2003 Seattle Annual Meeting (November 2–5, 2003)

Paper No. 11
Presentation Time: 10:55 AM

ASSESSING THE SPATIAL VARIABILITY OF HYDRAULIC CONDUCTIVITY AND ITS ROLE IN SOLUTE AND HEAT TRANSPORT


SCHINCARIOL, Robert A.1, OLDENBORGER, G.A.2, MCNEIL, J.3, MARKLE, J.M.3 and MANSINHA, L.3, (1)Department of Earth Sciences, Univ of Western Ontario, London, ON N6A5B7, Canada, (2)Center for Geophysical Investigation of the Shallow Subsurface, Boise State Univ, 1910 University Drive, Boise, ID 83725, (3)Earth Sciences, Univ of Western Ontario, London, ON N6A5B7, Canada, schincar@uwo.ca

Ed Sudicky’s early work (1986, WRR) assessing the spatial variability of hydraulic conductivity (K) and its role in the dispersion process was a driving force in exploring the often unrealized multi-scale complexity of aquifers. This work spurred a tremendous amount of research by numerous researchers into accessing aquifer heterogeneity in porous and fractured media. However, even today, numerical flow and transport simulations are often run using sparse data sets which severely limit their accuracy and realism.

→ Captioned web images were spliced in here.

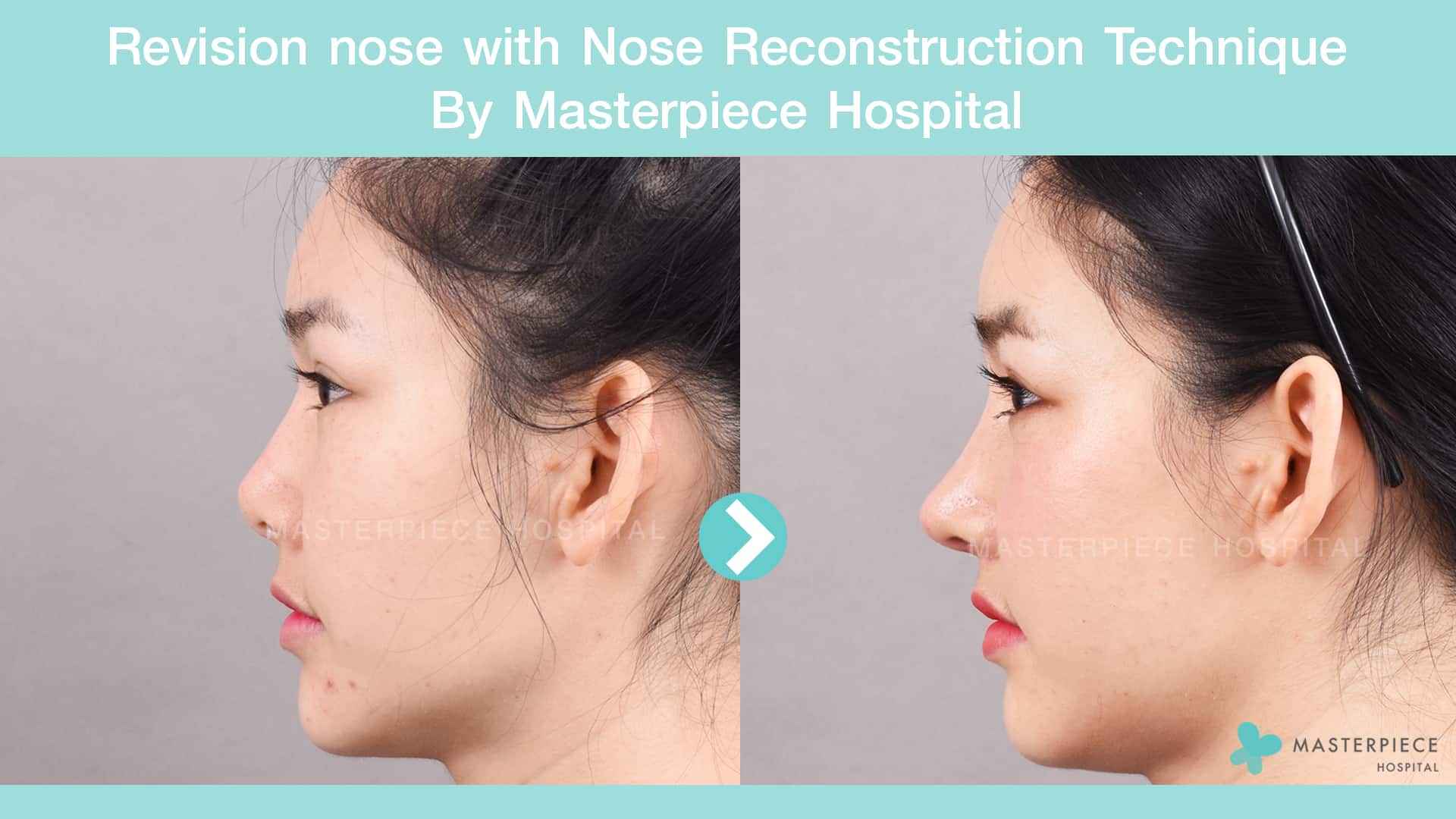 Revision nose with Nose Reconstruction Technique 02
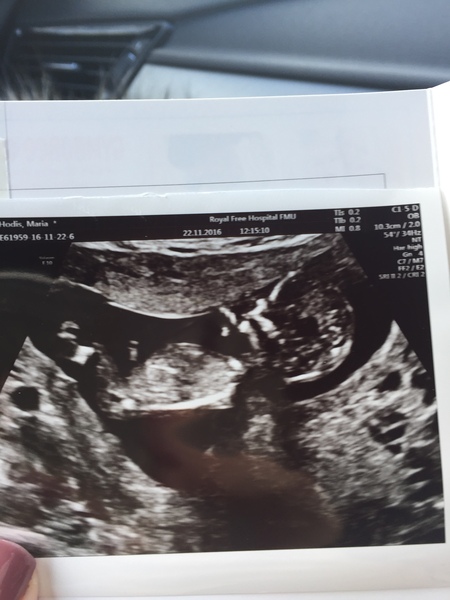 Nub gender guesses please!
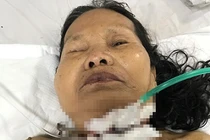 Phụ cháu mổ gà, bà nội trượt chân bị dao đâm xuyên cổ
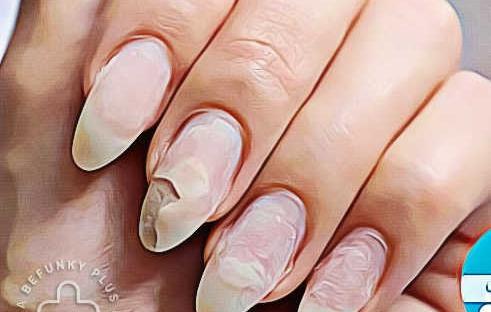عکس کاشت ناخن قارچ زده
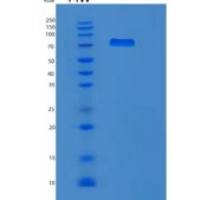 人黏病毒耐药蛋白1(MX1)重组蛋白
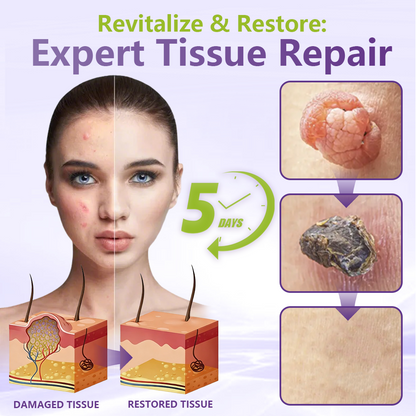 💗YOOPULSE® SOLUBLE MICRONEEDLE BOTANICAL SKIN TAG REMOVAL PATCH-ZDJ
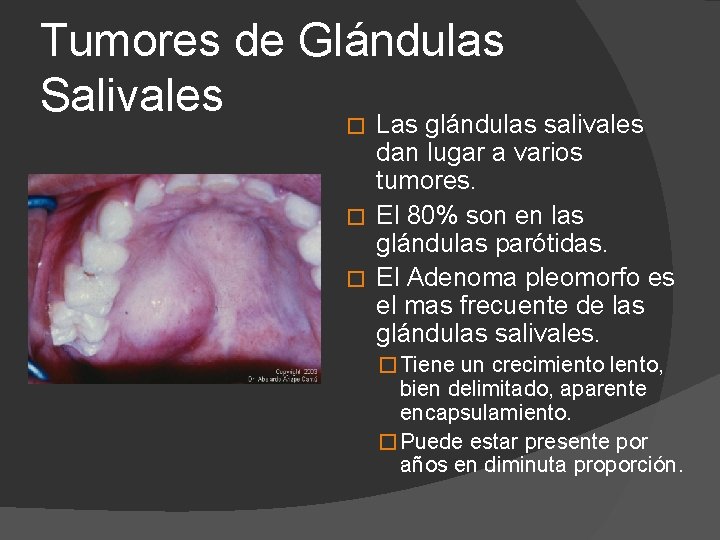 Tumores de Glándulas Salivales � Las glándulas salivales dan lugar a varios tumores. �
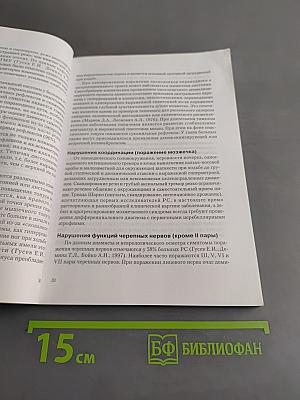 Рассеянный склероз
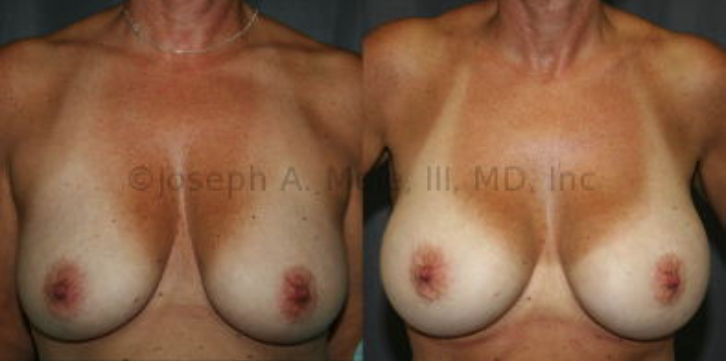 The woman above fails the Pencil Test, but passes the Pinch Test.  Breast Implants alone can correct this type of "Fake" sagging or pseudoptosis.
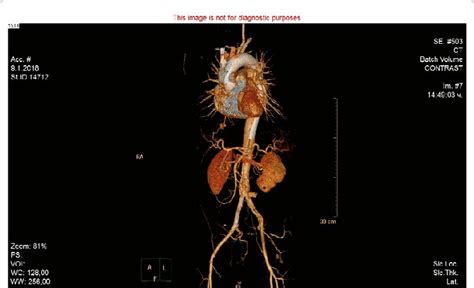 3D CT aortography reconstruction 6 months after the procedure: Blood... | Download Scientific ...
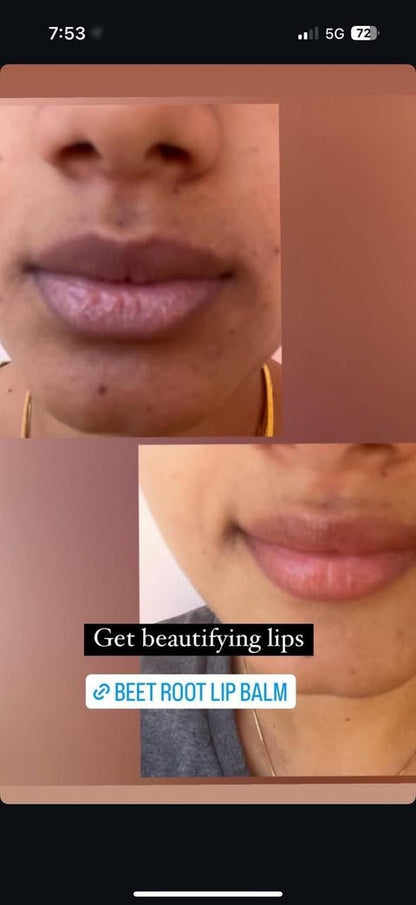 Beetroot lip balm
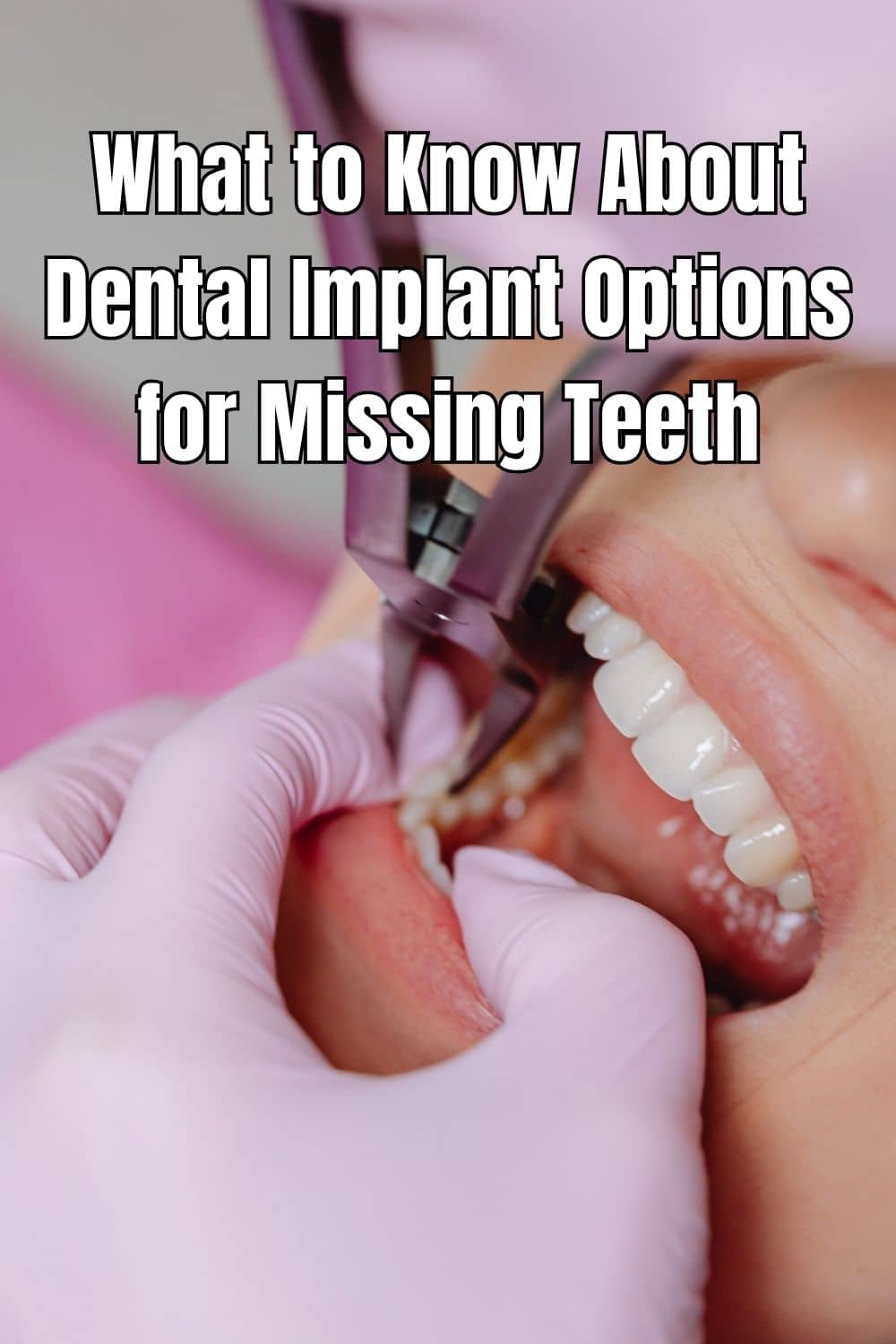 What to Know About Dental Implant Options for Missing Teeth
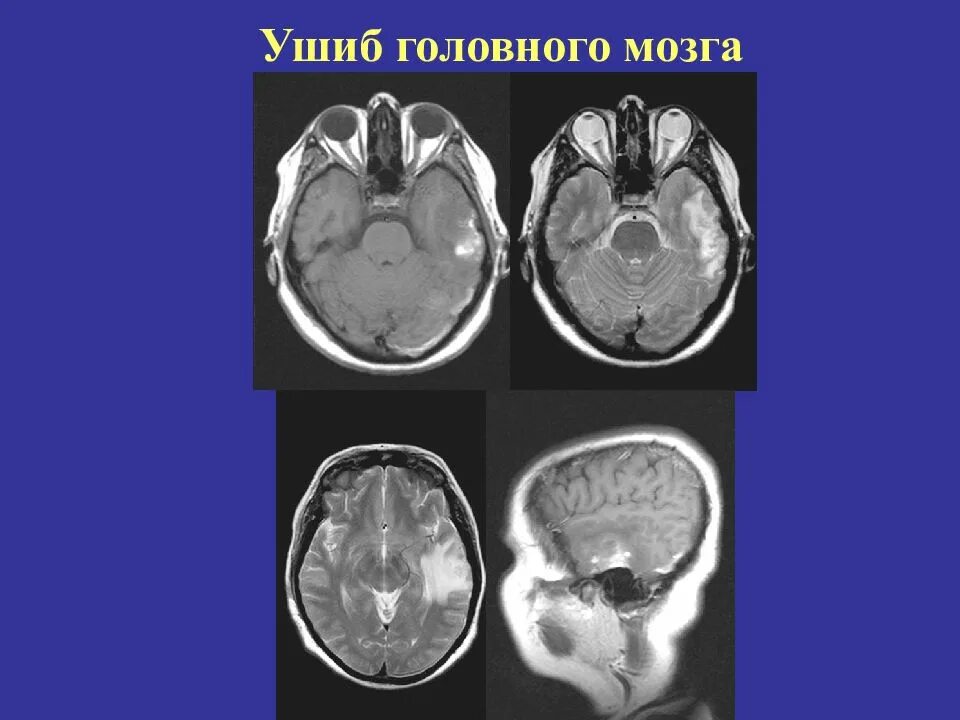 Мрт при сотрясении. Мрт сотрясение головного мозга снимок. Степень ушиба головного мозга кт диагностика. Ушиб головного мозга мрт.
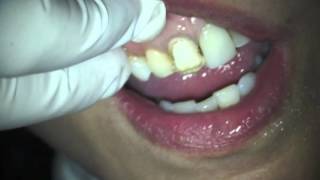 Dr Harvey Shiffman Fotona Lightwalker Dental Laser Veneer Removal [upl. by Abrams]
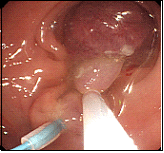 大腸ポリープ2上段中央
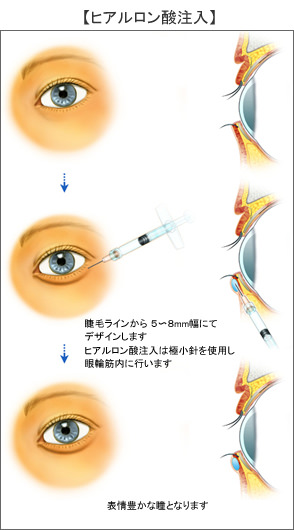ヒアルロン酸注入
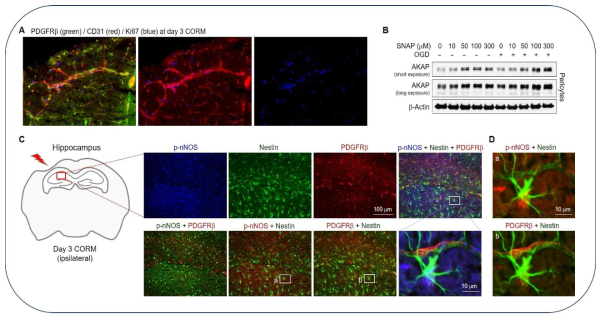 외상성 뇌손상 이후 CORM 투여 뇌에서 혈관신생과 신경줄기세포 증식이 관찰됨. (A) Day 3 에서 CORM 투여한 ipsilateral 부분에서 혈관의 세포분열이 관찰됨. 이는 혈관내피세포마커(CD31)와 세포분열마커(Ki67)로 확인함. (B) NO donor인 SNAP을 농도별로 처리하자, AKAP 단백질 발현이 증가함. (C-D) CORM 투여 마우스 뇌의 ipsilateral hippocampus에서 nNOS의 활성을 확인. 이때 신경줄기세포(Nestin)의 핵에서 p-nNOS가 발현함을 확인. 또한, 신경줄기세포와 혈관주위세포가 근접하여 위치하고 있음을 관찰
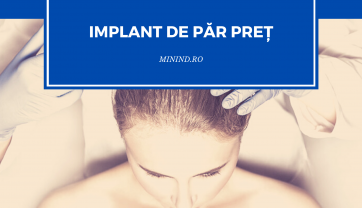 Implant de Par Pret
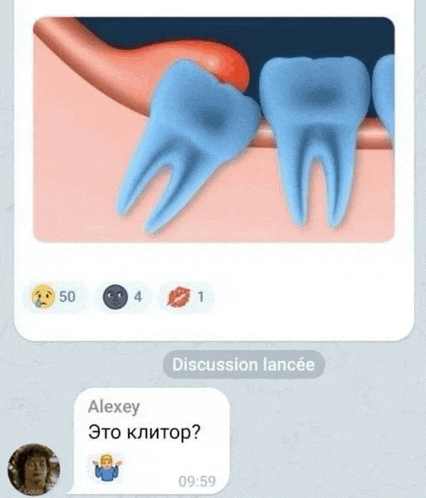 a conversation between alexey and discussion lancee with a picture of teeth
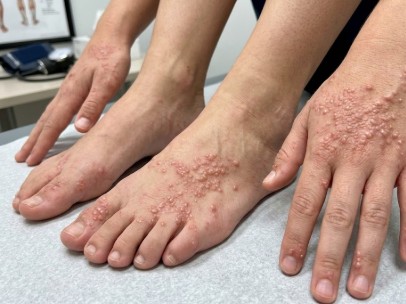 Eccema dishidrótico en los pies: síntomas, causas y tratamiento en Lepe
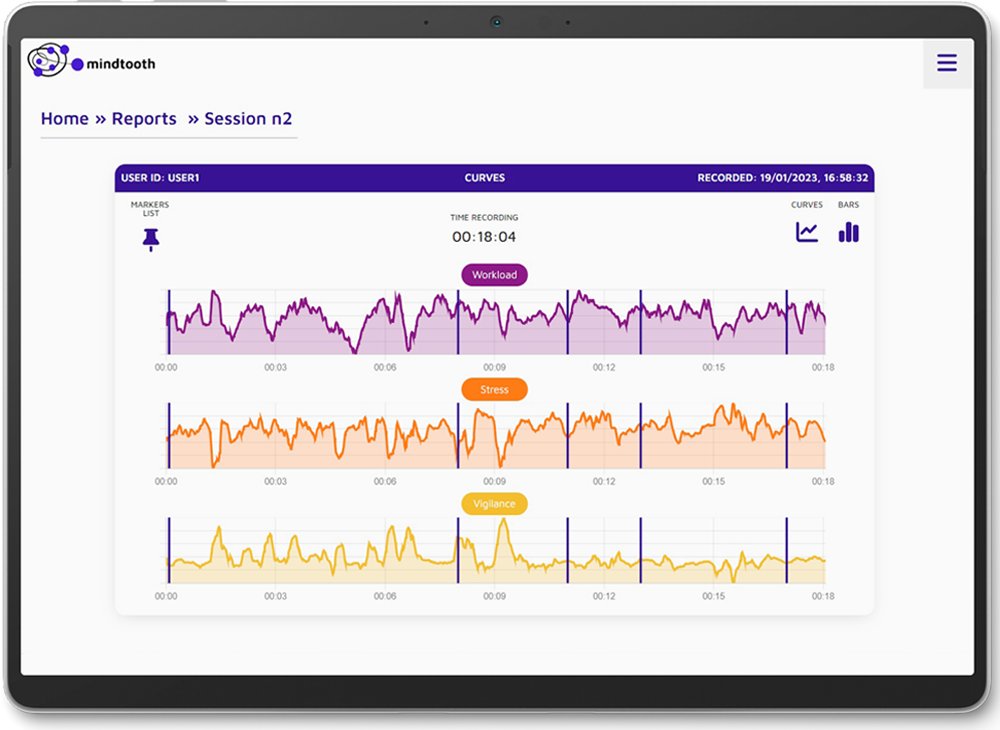 Brain_Products's tweet image. The #Mindtooth EEG system is the result of a European project with @BrainSigns. Its award-winning design enables the measurement of mental states without technical skills. Discover how to monitor workload, vigilance or stress levels on the go with ease. mindtooth-eeg.com/?utm_source=tw…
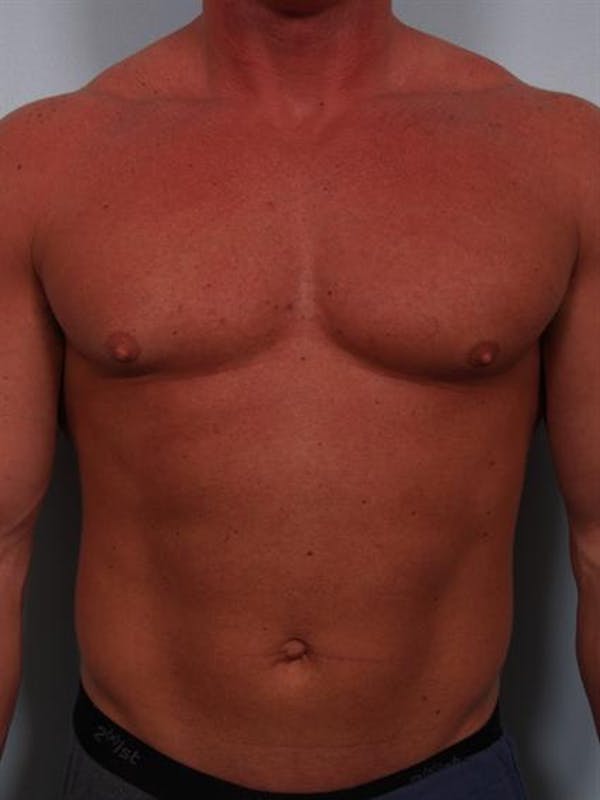 Male Breast/Areola Reduction Before & After Gallery - Patient 1310907 - Image 9
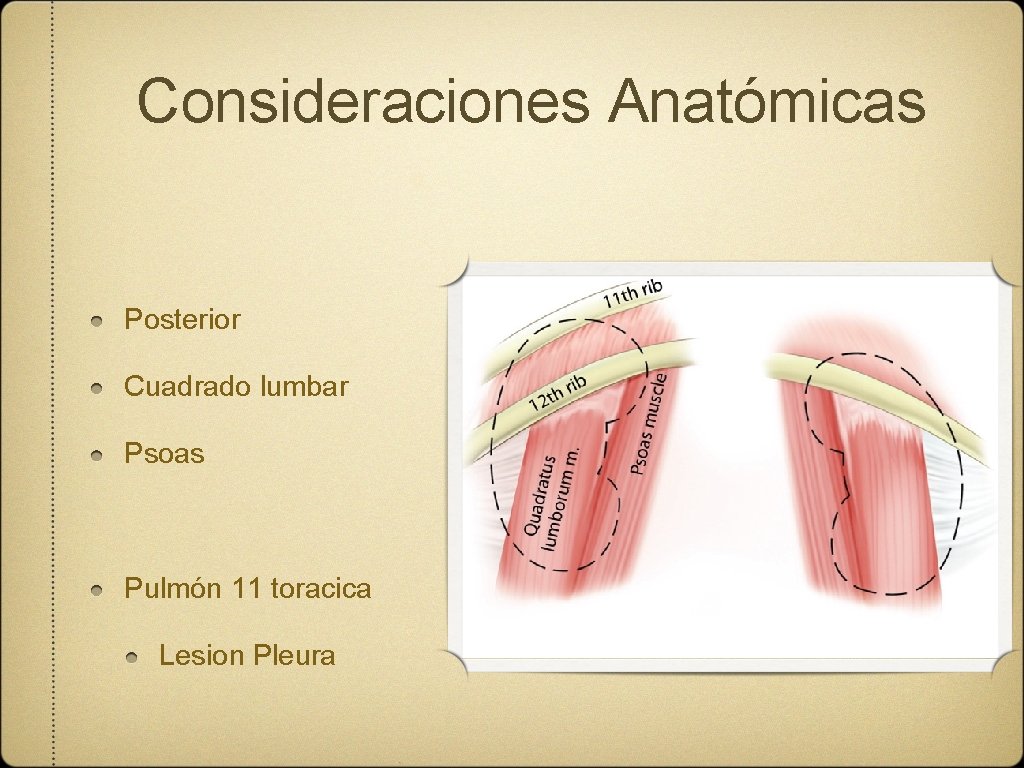 Consideraciones Anatómicas Posterior Cuadrado lumbar Psoas Pulmón 11 toracica Lesion Pleura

Over the years we have tried to advance both the assessment of the role of the spatial variability of K in the dispersion process and the characterization of K variability in the field. Dispersion experiments with correlated random fields have been conducted in a 6.2x1.2x0.5 m flow tank. Using custom made porous media size distributions we were able to develop 25 separate permeability classes (3400 cells) to segment the permeability field. Image processing techniques were then developed to quantify the concentration distributions at mm scale without the need for invasive sampling. While highly resolved laboratory experiments may advance dispersion theory a key limitation is the field application. Presently, it is very difficult and expensive to detail subsurface heterogeneity. Current methods of numerically quantifying aquifer heterogeneity often involve either sophisticated interpolation techniques or stochastic realizations; both methods require invasive point sampling on which to condition estimates. To address this we investigate the merits of surface ground-penetrating radar (GPR) and the development of new space-local spectral transform texture recognition techniques (applied to glaciofluvial outcrop photographic data sets) for the nearly continuous, remote determination of K and its spatial distribution. More traditional (slug, core, and pump tests) multi-scale sampling of heterogeneity in another glaciofluvial aggregate pit reveal a 3 order of magnitude difference in K estimates depending on the scale of investigation. Thus quantifying the variability and effects of sampling scale are critical in order to properly assess the impact of thermal ground water plumes on adjacent cold water streams.